Dopo il ventennio di censura fascista e il termine della Seconda guerra Mondiale, l'Italia, devastata dalla miseria, e allo stesso tempo attraversata da una voglia prepotente di vivere, si deve scontrare con la nuova censura bigotta e perbenista che tendeva a reprimere il desiderio di libertà e qualsiasi critica al mondo borghese.

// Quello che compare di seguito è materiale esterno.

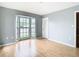 Bedroom with a bay window, wood floors, and ample lighting at 4844 Booth Bay Dr, New Port Richey, FL 34652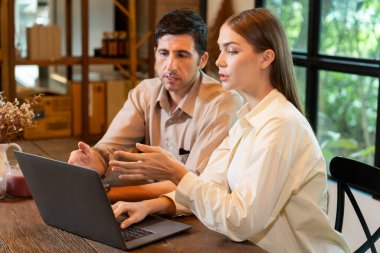 Baharda Cafe Garden 'da dizüstü bilgisayarda çalışan genç bir çift kahve dükkanındaki dinginlik ortamının tadını çıkarıyor. Uzaktan çalışan ya da blog yazan dijital göçebe ya da üniversite öğrencisi. Yararlı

La vicenda del fumetto Pantera Bionda - pubblicato nel 1948 dalla casa editrice A.R.C. di Pasquale Giurleo - non è semplicemente la cronaca di un successo editoriale effimero, ma rappresenta una vera e propria ferita aperta nel tessuto sociale dell’Italia del dopoguerra, un’esplosione di vitalità che andò a collidere frontalmente con la volontà di restaurazione di un intero Paese. In quella giungla di carta e china, creata dal segno di Ingam e dalla penna di Dalmasso, si materializzò una sorta di ritorno del rimosso: il corpo femminile tornava prepotentemente al centro della scena, ma come veicolo di desiderio, forza e autodeterminazione. Pantera Bionda, con la sua chioma sciolta e il suo succinto costume leopardato, viveva nella giungla e aveva un compagno, Fred, che faceva ciò che lei gli ordinava e aveva un ruolo secondario. La donna combatteva contro i nemici (soldati giapponesi, trafficanti di armi) e si palesava come l’incarnazione di una esuberanza atletica e anche erotica che non chiedeva permesso a nessuno. Proprio per questo divenne il bersaglio di un’alleanza censorio-pedagogica che vide unite le due grandi forze apparentemente contrapposte del tempo: la Democrazia Cristiana e il Partito Comunista Italiano. Ciò che spaventava la prima era la 'sconveniente' eversione della morale cattolica e dei valori del focolare. La protagonista, infatti, conduceva la sua esistenza fuori dal sacro vincolo del matrimonio e lontana da ogni prospettiva di domesticità borghese e questo era percepito come un attentato alla stabilità della famiglia cristiana, cellula base del nuovo ordine sociale che la DC intendeva blindare come argine al caos post-bellico e al pericolo rosso. La famiglia doveva essere il luogo della gerarchia e della procreazione disciplinata, mentre la giungla di Pantera Bionda era il luogo della pulsione pura, priva di altari e di stati civili.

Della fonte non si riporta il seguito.